- Born: 25 September 1936 (age 90) Manaus, Amazonas, Brazil
- Occupation: Author
- Writing career
- Notable work: Jaula

= Astrid Cabral =

Brazilian novelist, critic, environmentalist, and diplomat

Astrid Cabral Félix de Sousa (born 1936) is a novelist, critic, environmentalist, and diplomat, and one of the most eminent contemporary poets in Brazil. She is the author of numerous books of poetry, including Through Water (2003) and Anteroom (2007), along with many collections of essays and short fiction. Born in Manaus, Amazonas, she has lived and worked as a diplomat in Beirut and Chicago and has taught in both the United States and Brazil. A mother of five, she currently resides in Rio de Janeiro, where she continues her work as a figure in the Amazonian cultural identity and recovery movement.

==Life and work==
At a young age Cabral's family moved across the country to Rio de Janeiro, where she eventually pursued a teaching degree and taught at a local high school. During the 1950s, Cabral was a leading member of the innovative literary movement known as the Clube da Madrugada (Club of the Dawn). The goal of the movement was to bring the "aesthetic innovations of Brazilian modernism to the Amazonian region." As a direct result of the Clube da Madrugada, literature from the Amazonian region of Brazil was brought to the forefront of the national dialogue. In an interview conducted by poet Gerry LaFemina Cabral explained that "in the north the traditional deep roots of Portuguese heritage are stronger than in the south, where a rich industrial life and an intense flow of immigrants have played an important role in modifying and enlarging horizons." Cabral reasons that this is why avant-garde movements such as Brazilian modernism emerged primarily in the south, and why she took it upon herself to bring such movements to the Amazon.

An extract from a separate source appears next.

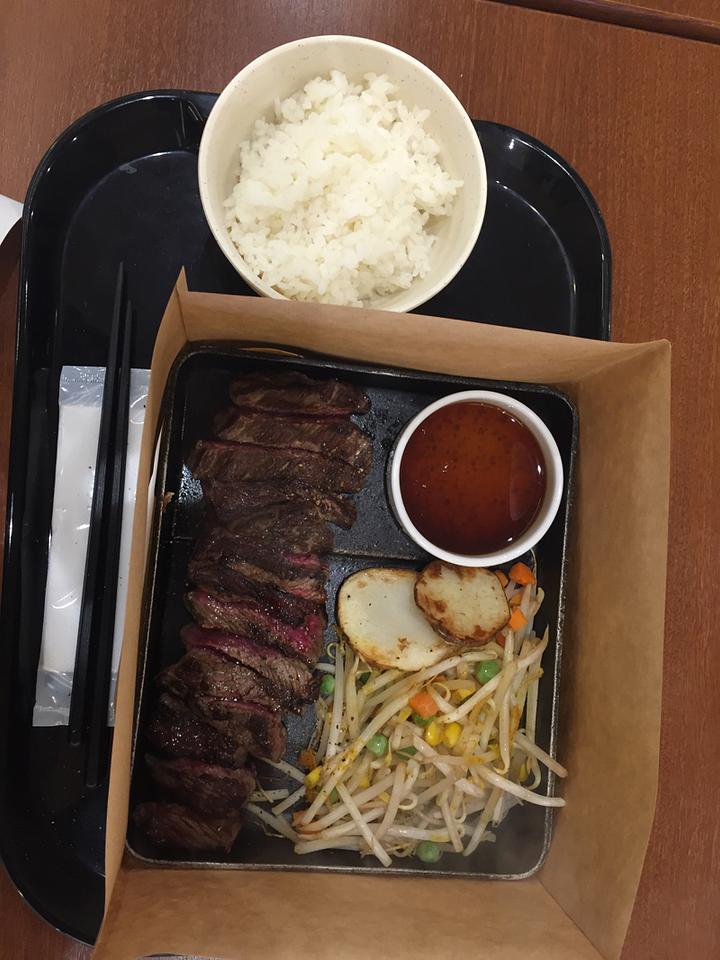 たまには、ステーキ食べねば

Cabral holds a degree in English from Institute Brazil-United States. In 1962 she joined the faculty of the University of Brasília, but resigned for political reasons following the military coup of 1964. She said that while teaching in Brasília she was hesitant to assign readings that might be too political for the Brazilian dictatorship: "During my classes I was always fearful of spies disguised among the students. The texts we studied had to be chosen with prudence so as not to arouse political suspicions." She decided to depart from the world of academia and for several years she served as a member of her Brazil's diplomatic corps at the Brazilian Embassy in Beirut, Lebanon, and at the Brazilian Consulate in Chicago. With the re-establishment of democracy in 1988, she was able to resume her academic career. In 1996, the author retired from academia to devote herself to her literature. She is currently a professor emeritus of Portuguese Language and Brazilian Literature at the University of Brasília.

== Writing style ==
Cabral's writing is characterized by an emphasis on the flora and fauna of her native region: chiefly, the Amazon river and its surrounding basin. Her hometown has been described as a city "in which nature in an exuberant manner coexisted with urban sophistication." In her 2008 collection Cage (her first book published in English, known as Jaula in Portuguese), she explores the oftentimes overlapping relationship between humans and animals: "The core of the book is the closeness I maintain with the animal world. I put myself on their level, seeing them within me, and when I do view them from the outside, I still am aware that there is something wild or savage in us humans, that we too are predators, and thus I restore our fellowship." Critic Cristina Ferreira Pinto-Bailey writes that by documenting the animals of the Amazon, Cabral "weaves with careful and concise language some insightful observations about the beasts that lie within us." Because of her frequent emphasis on nature, Cabral's writing often showcases her interest in environmental protection and activism.

== Works ==

- Alameda (1963)
- Ponto de cruz (1979)
- Torna-viagem (1981)
- Zé Pirulito (1982)
- Lição de Alice: poemas 1980-1983 (1986)
- Visgo da terra (1986)
- Rês desgarrada: Poemas, 1986-1990 (1994)
- De déu em déu: Poemas reunidos, 1979-1994 (1998)
- Intramuros: Poesia, Governo do Estado do Paraná (1998)
- Rasos d’água (2003)
- Jaula (2008)
- Ante-sala, Bem-Te-Vi (2007).
- Gazing through Water (2021)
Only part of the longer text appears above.